Une vocation, pas un métier

Le seul point sur lequel le texte des universitaires est positif, c’est quand il rappelle qu'un président de la République ne peut accomplir plus de deux mandats successifs, et qu’il conviendrait de s’en inspirer pour les autres mandats. "Pourquoi, par exemple, n'imposerait-on pas aux maires, aux présidents de conseil généraux et régionaux une limitation à trois mandats, à dix-huit ans ?", demandent-ils. Encore que leur préconisation soit pour le moins timorée, et qu’il conviendrait, de mon point de vue, de la limiter à deux mandats, c’est-à-dire à douze ans. Douze ans, à la tête d’une commune, d’un conseil régional ou d’un conseil général, c’est bien suffisant. Car ensuite les édiles s’enkystent, les mauvaises habitudes s’installent et, inéluctablement, la corruption se développe, sans qu’elle soit toujours souhaitée ou organisée par lesdits élus locaux, d’ailleurs. Il faut par conséquent renouveler, faire émerger de nouvelles équipes et de nouvelles idées.
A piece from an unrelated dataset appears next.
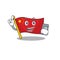 Cartoon character of flag china Scroll speaking with phone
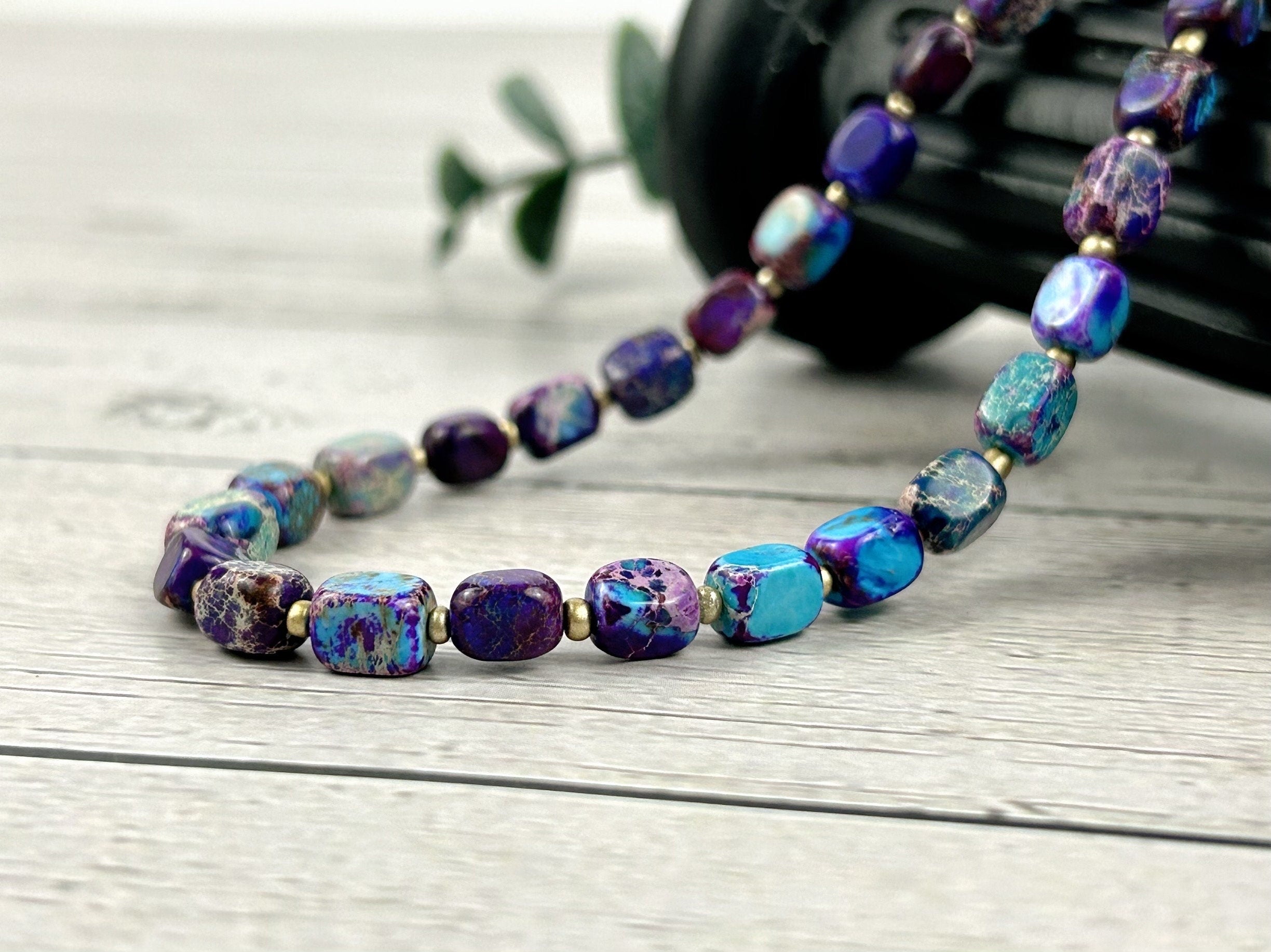 Purple Beaded Necklace, Imperial Jasper Necklace, Gift for Mom, Purple Stone Necklace, Natural Stone Necklace, Gemstone Jewelry,Gift for Her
Le meilleur moyen de rechercher l’équilibre des pouvoirs, cher à nos quatre universitaires, n’est donc pas de consolider les mauvaises habitudes sous des motifs fallacieux, mais au contraire d’interdire strictement le cumul d'un mandat parlementaire avec un mandat exécutif local, recommandation qui figurait d’ailleurs dans la liste de la commission Jospin sur "la rénovation de la vie publique", et dont les préconisations, publiées en novembre, semblent déjà renvoyées aux calendes grecques. Ajoutons qu’on a rarement vu le maire d’une grande ville être un parlementaire hors pair, ou simplement assidu. Ce serait même plutôt le contraire. Il suffit, pour qui en douterait encore, de questionner, les yeux dans les yeux, les collègues de Gérard Collomb, de Christian Estrosi ou d’Hubert Falco, pourtant élus et réélus dans leur commune.